Provided records
□ □ □

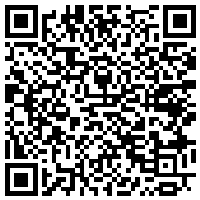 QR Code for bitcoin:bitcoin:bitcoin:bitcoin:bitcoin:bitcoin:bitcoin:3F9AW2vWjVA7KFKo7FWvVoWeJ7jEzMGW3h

□ □ □

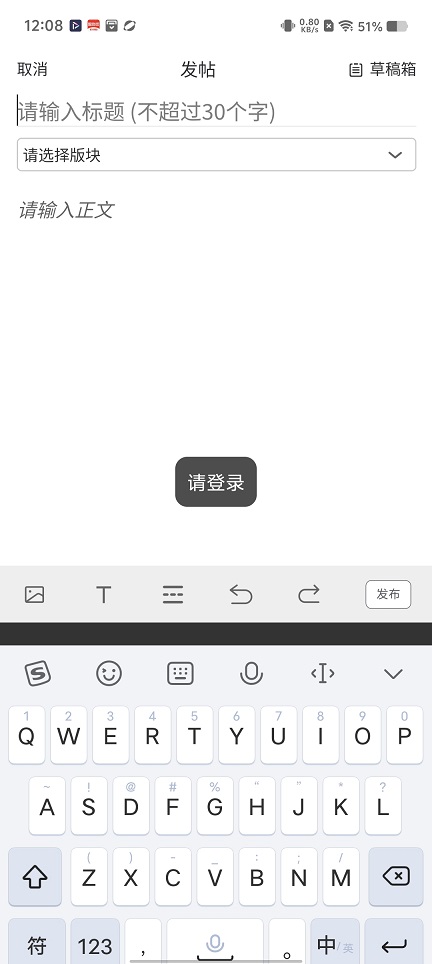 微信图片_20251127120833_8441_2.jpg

□ □ □

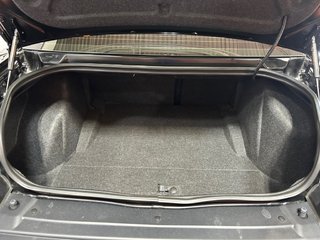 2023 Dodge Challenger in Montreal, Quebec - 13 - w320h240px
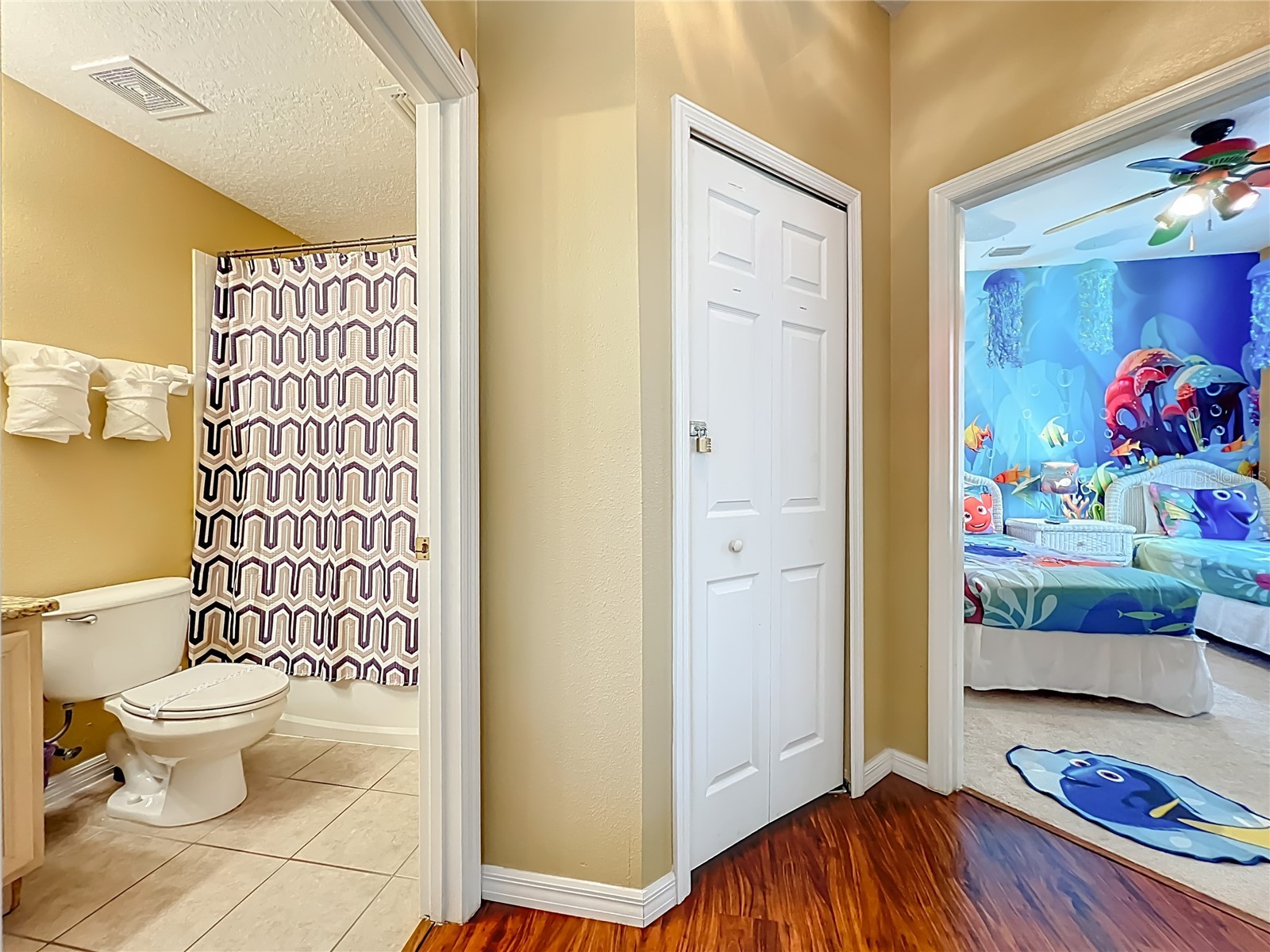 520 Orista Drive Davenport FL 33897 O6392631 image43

□ □ □

Problem
Restate word for word the lines of the data above that begin at the line with "2023 Dodge Challenger" and end at the line with "520 Orista Drive", keeping both ends and dropping every picture.

Reply
 2023 Dodge Challenger in Montreal, Quebec - 13 - w320h240px
 520 Orista Drive Davenport FL 33897 O6392631 image43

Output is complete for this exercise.